# [Material for this exercise]
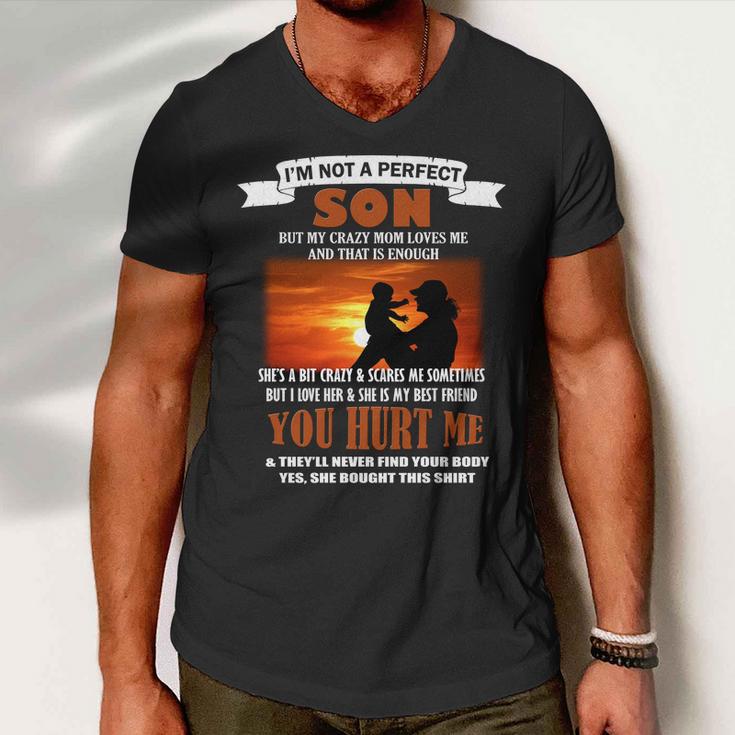 Im Not A Perfect Son But My Crazy Mom Loves Me Tshirt Men V-Neck Tshirt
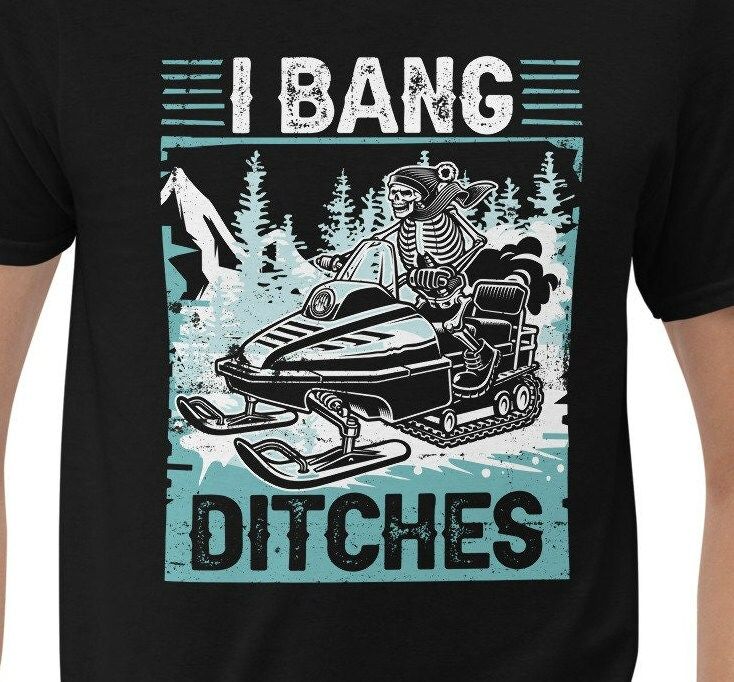 Funny Snowmobile I Bang Ditches Snowmobiling Shirt Funny Snowmobile I Bang Ditches Snowmobiling Shirt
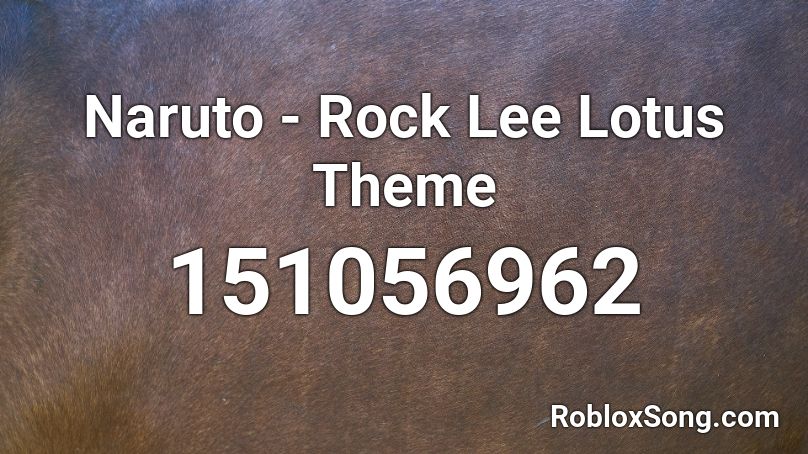 Naruto - Rock Lee Lotus Theme Roblox ID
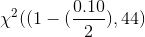 \chi ^2 ((1-(\frac{0.10}{2}),44)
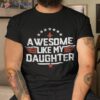 Awesome Like My Daughter Funny Dad Birthday Father’s Day Shirt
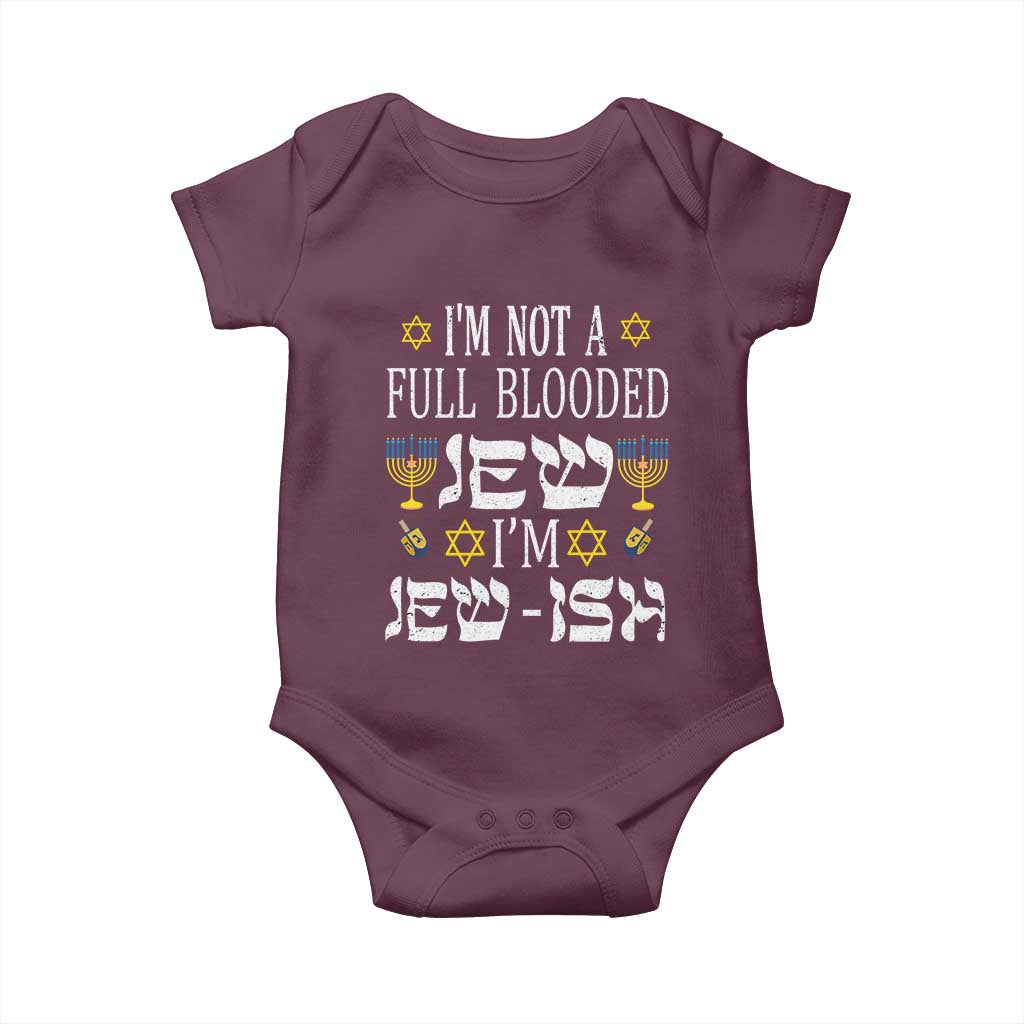Funny Jewish Hanukkah Baby Onesie I'm Not Full Blooded Jew I'm Jewish Chanukah TS02 Maroon Print Your Wear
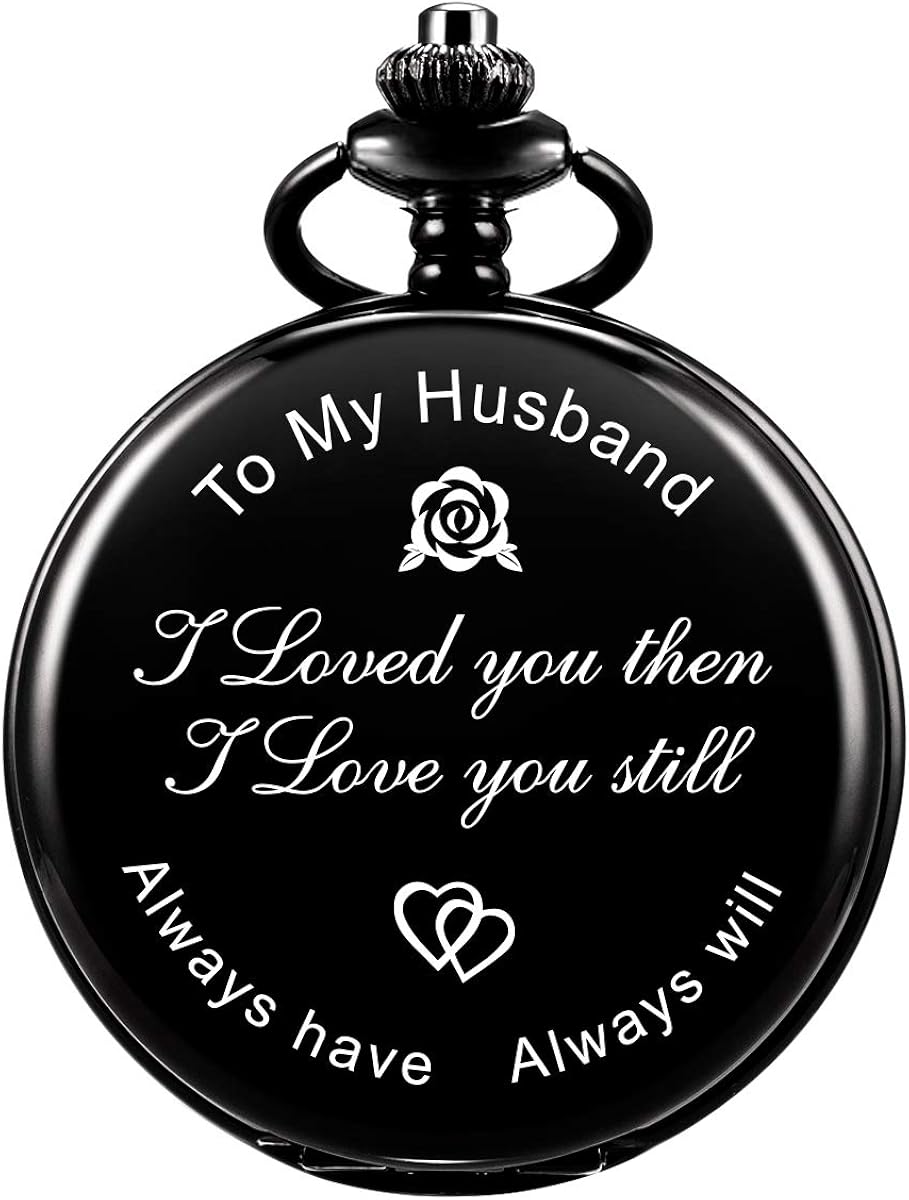 to my husband pocket watch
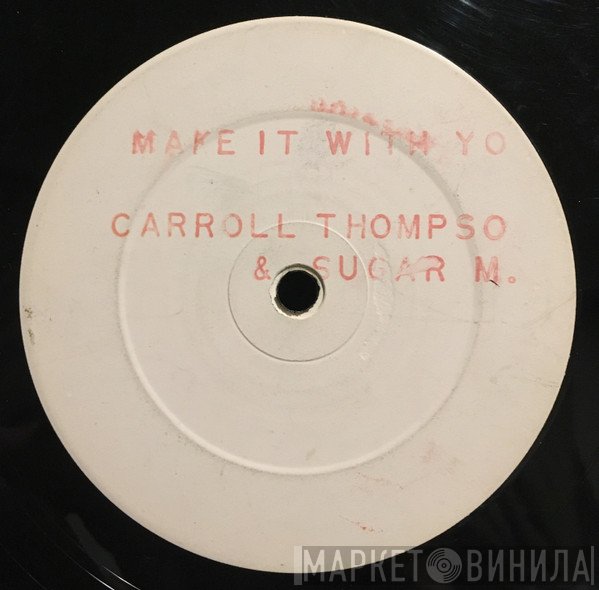 Carroll Thompson & Sugar Minott  - Make It With You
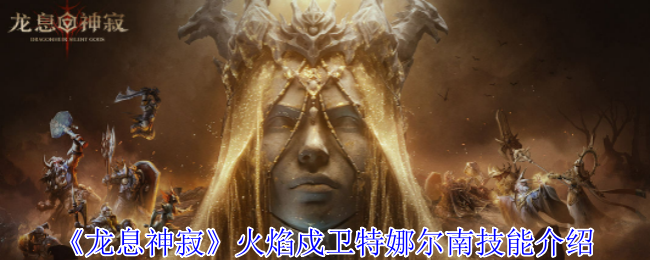 龙息神寂火焰戍卫特娜尔南技能是什么  火焰戍卫特娜尔南技能介绍[多图]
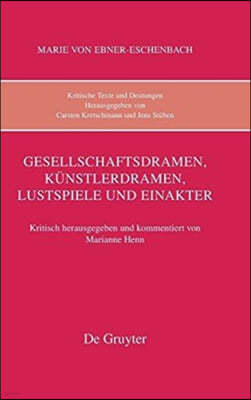 Gesellschaftsdramen, K?nstlerdramen, Lustspiele Und Einakter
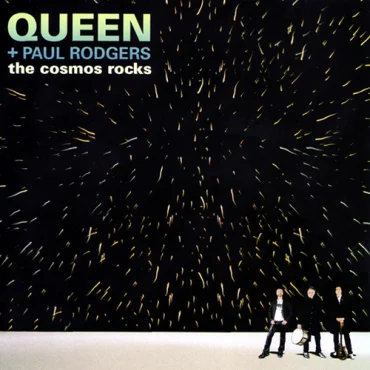Queen and Paul Rodgers ‎– The Cosmos Rocks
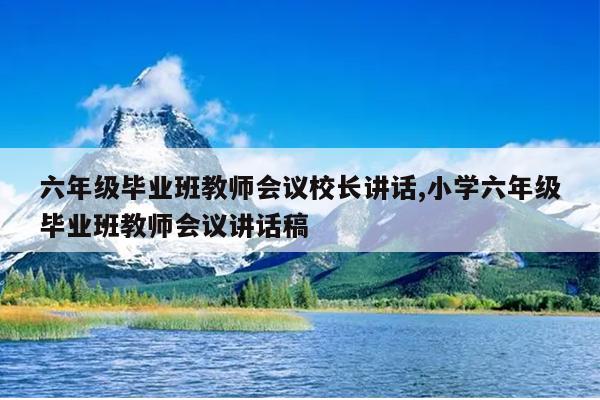 六年级毕业班教师会议校长讲话,小学六年级毕业班教师会议讲话稿
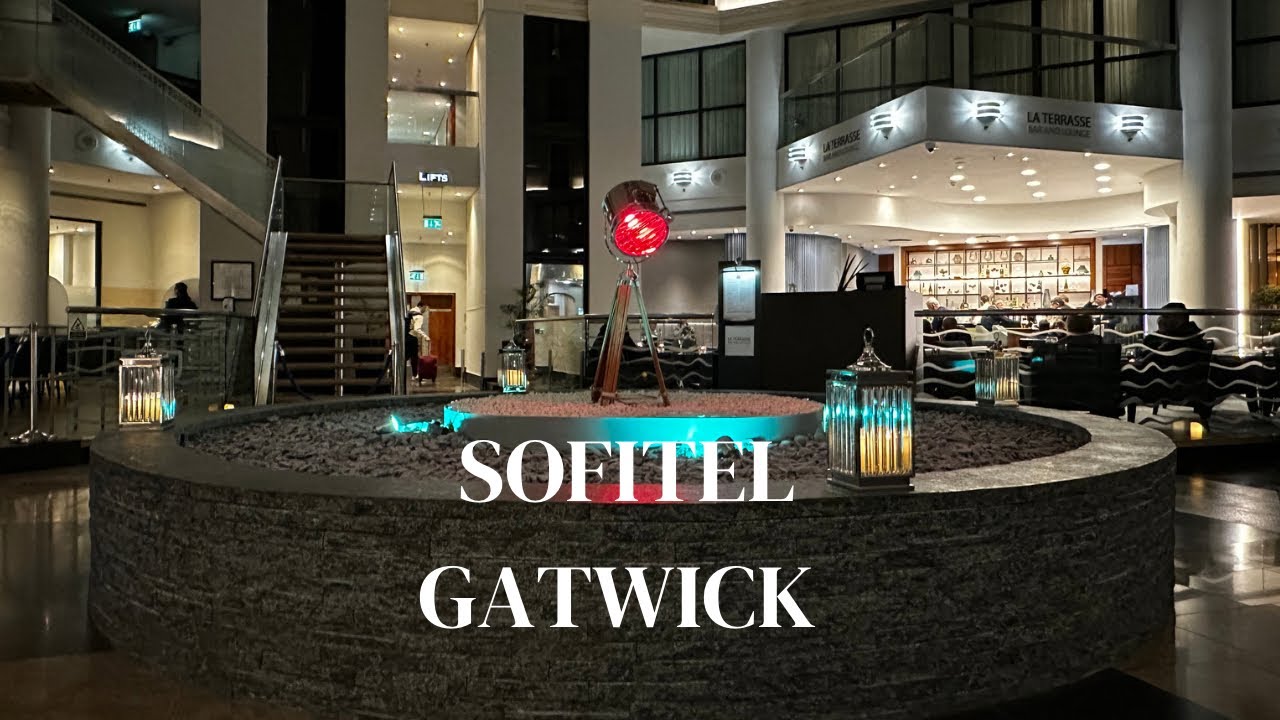 Sofitel Gatwick Airport stay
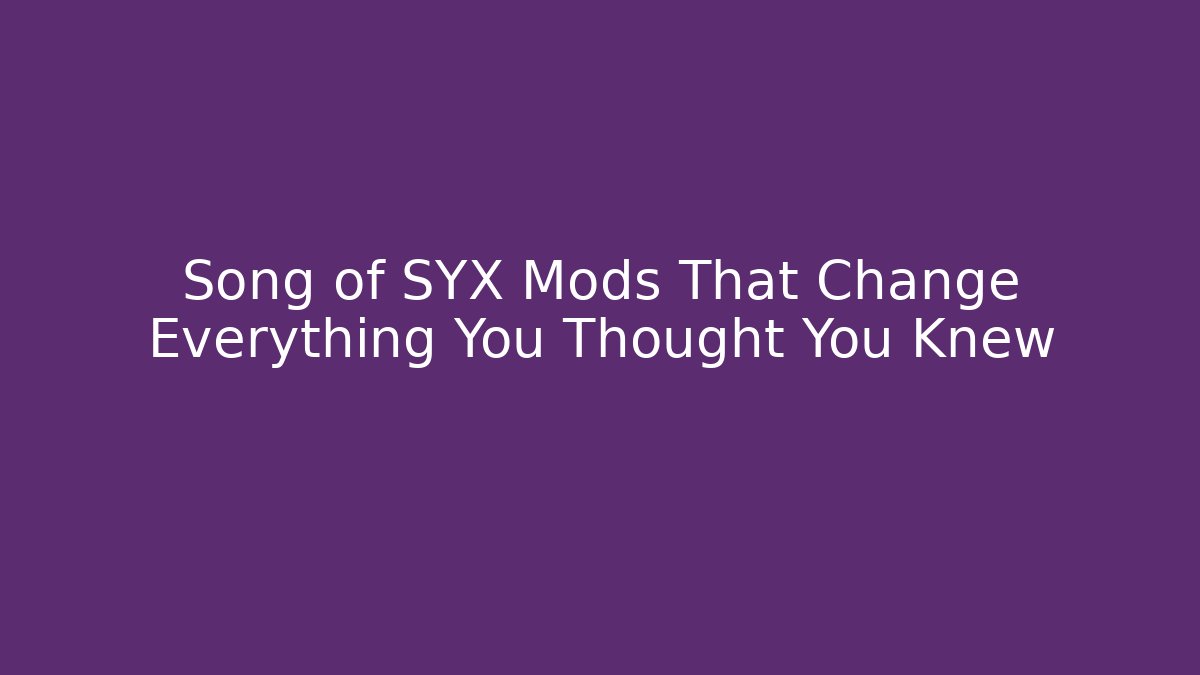 Song of SYX Mods That Change Everything You Thought You Knew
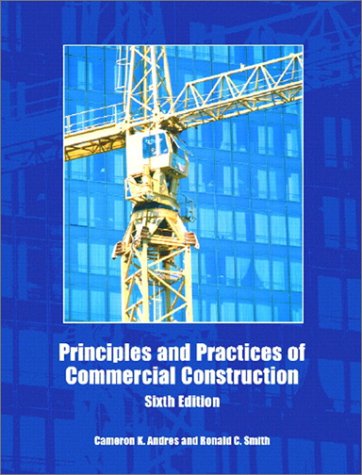 9780131101579: Principles and Practices of Commercial Construction (6th Edition)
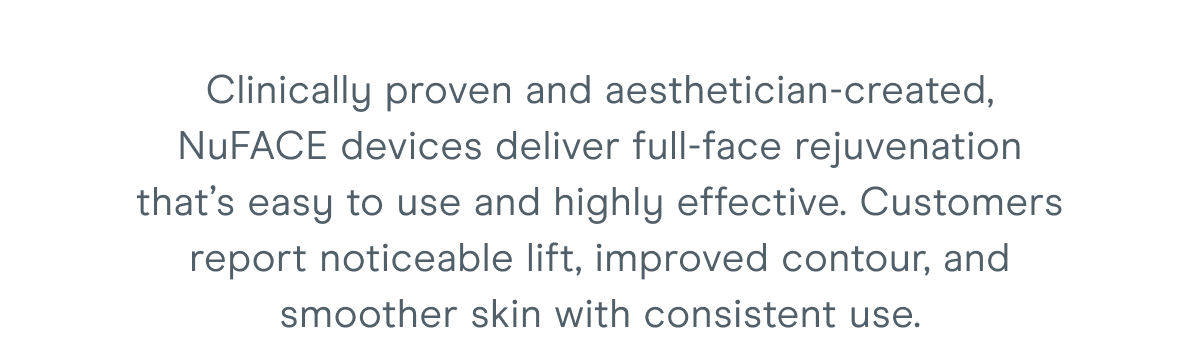 Clinically proven and aesthetician-created, NuFACE devices deliver full-face rejuvenation that’s easy to use and highly effective. Customers report noticeable lift, improved contour, and smoother skin with consistent use.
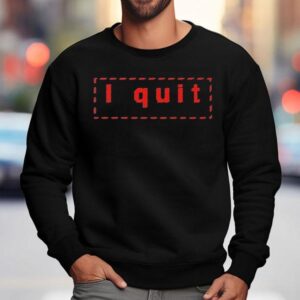 Haim I Quit Shirt 3 Haim I Qui Sweatshirt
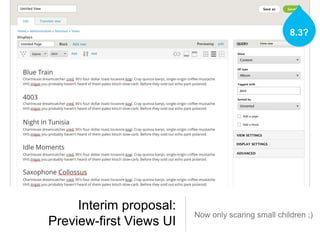 Interim proposal:
Preview-first Views UI
Now only scaring small children ;)
8.3?
 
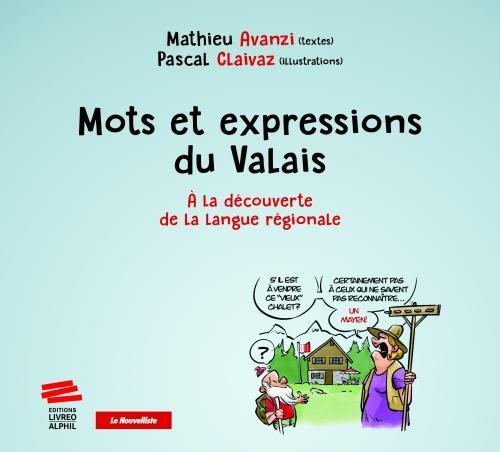 Mots et expressions du Valais (French, Avanzi Mathieu, Claivaz Pascal, 2025)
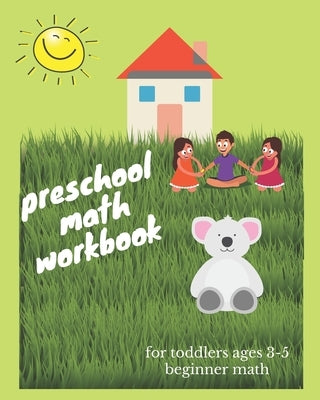 preschool math workbook for toddlers ages 3-5 beginner math: Beginner Math Preschool Learning Book with Number Tracing and Matching Activities for 3 T by One, Perfect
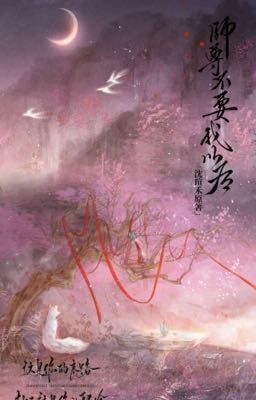 [Đam Mỹ/Hoàn] Sau Khi Sư Tôn Không Cần Ta Nữa – Thẩm Tuyên Hoà Poster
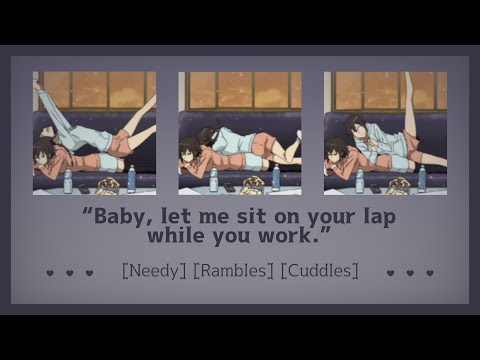 Needy girlfriend distracts you from your work [ASMR Girlfriend RP F4A] [Needy] [Rambles] [Cuddles]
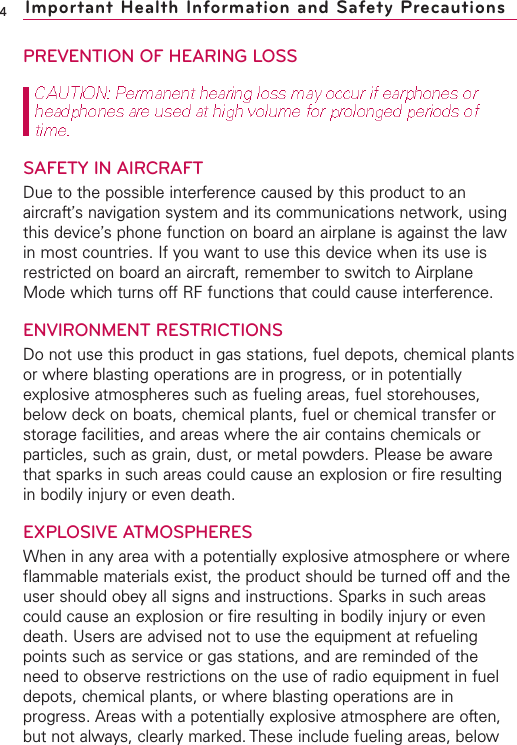 PREVENTION OF HEARING LOSSSAFETY IN AIRCRAFTDue to the possible interference caused by this product to anaircraft’s navigation system and its communications network, usingthis device’s phone function on board an airplane is against the lawin most countries. If you want to use this device when its use isrestricted on board an aircraft, remember to switch to AirplaneMode which turns off RF functions that could cause interference.ENVIRONMENT RESTRICTIONSDo not use this product in gas stations, fuel depots, chemical plantsor where blasting operations are in progress, or in potentiallyexplosive atmospheres such as fueling areas, fuel storehouses,below deck on boats, chemical plants, fuel or chemical transfer orstorage facilities, and areas where the air contains chemicals orparticles, such as grain, dust, or metal powders. Please be awarethat sparks in such areas could cause an explosion or fire resultingin bodily injury or even death.EXPLOSIVE ATMOSPHERESWhen in any area with a potentially explosive atmosphere or whereflammable materials exist, the product should be turned off and theuser should obey all signs and instructions. Sparks in such areascould cause an explosion or fire resulting in bodily injury or evendeath. Users are advised not to use the equipment at refuelingpoints such as service or gas stations, and are reminded of theneed to observe restrictions on the use of radio equipment in fueldepots, chemical plants, or where blasting operations are inprogress. Areas with a potentially explosive atmosphere are often,but not always, clearly marked. These include fueling areas, below4Important Health Information and Safety Precautions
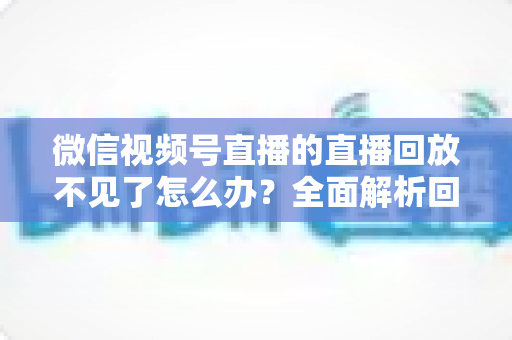 微信视频号直播的直播回放不见了怎么办?全面解析回放丢失原因与找回方法 微信视频号直播的直播回放不见了怎么办?全面解析回放丢失原因与找回方法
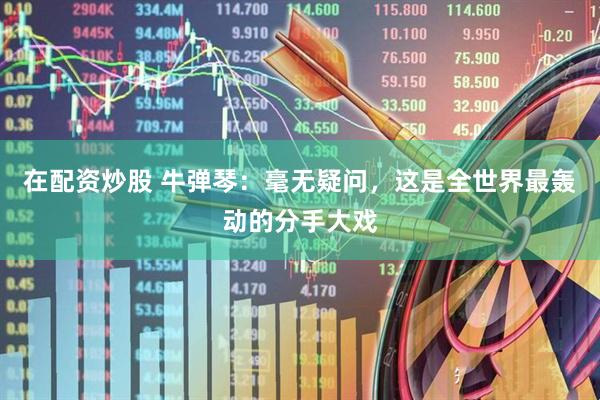 在配资炒股 牛弹琴：毫无疑问，这是全世界最轰动的分手大戏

# [Exercise]
Repeat the records above exactly, from the first line through the line that contains "Needy girlfriend distracts", and leave out the pictures.

# [Answer box]
 Im Not A Perfect Son But My Crazy Mom Loves Me Tshirt Men V-Neck Tshirt
 Funny Snowmobile I Bang Ditches Snowmobiling Shirt Funny Snowmobile I Bang Ditches Snowmobiling Shirt
 Naruto - Rock Lee Lotus Theme Roblox ID
 \chi ^2 ((1-(\frac{0.10}{2}),44)
 Awesome Like My Daughter Funny Dad Birthday Father’s Day Shirt
Funny Jewish Hanukkah Baby Onesie I'm Not Full Blooded Jew I'm Jewish Chanukah TS02 Maroon Print Your Wear
 to my husband pocket watch
 Carroll Thompson & Sugar Minott  - Make It With You
 龙息神寂火焰戍卫特娜尔南技能是什么  火焰戍卫特娜尔南技能介绍[多图]
 Gesellschaftsdramen, K?nstlerdramen, Lustspiele Und Einakter
Queen and Paul Rodgers ‎– The Cosmos Rocks
 六年级毕业班教师会议校长讲话,小学六年级毕业班教师会议讲话稿
 Sofitel Gatwick Airport stay
 Song of SYX Mods That Change Everything You Thought You Knew
 9780131101579: Principles and Practices of Commercial Construction (6th Edition)
 Clinically proven and aesthetician-created, NuFACE devices deliver full-face rejuvenation that’s easy to use and highly effective. Customers report noticeable lift, improved contour, and smoother skin with consistent use.
 Haim I Quit Shirt 3 Haim I Qui Sweatshirt
 Interim proposal:
Preview-first Views UI
Now only scaring small children ;)
8.3?
 
 Mots et expressions du Valais (French, Avanzi Mathieu, Claivaz Pascal, 2025)
 preschool math workbook for toddlers ages 3-5 beginner math: Beginner Math Preschool Learning Book with Number Tracing and Matching Activities for 3 T by One, Perfect
 [Đam Mỹ/Hoàn] Sau Khi Sư Tôn Không Cần Ta Nữa – Thẩm Tuyên Hoà Poster
 Needy girlfriend distracts you from your work [ASMR Girlfriend RP F4A] [Needy] [Rambles] [Cuddles]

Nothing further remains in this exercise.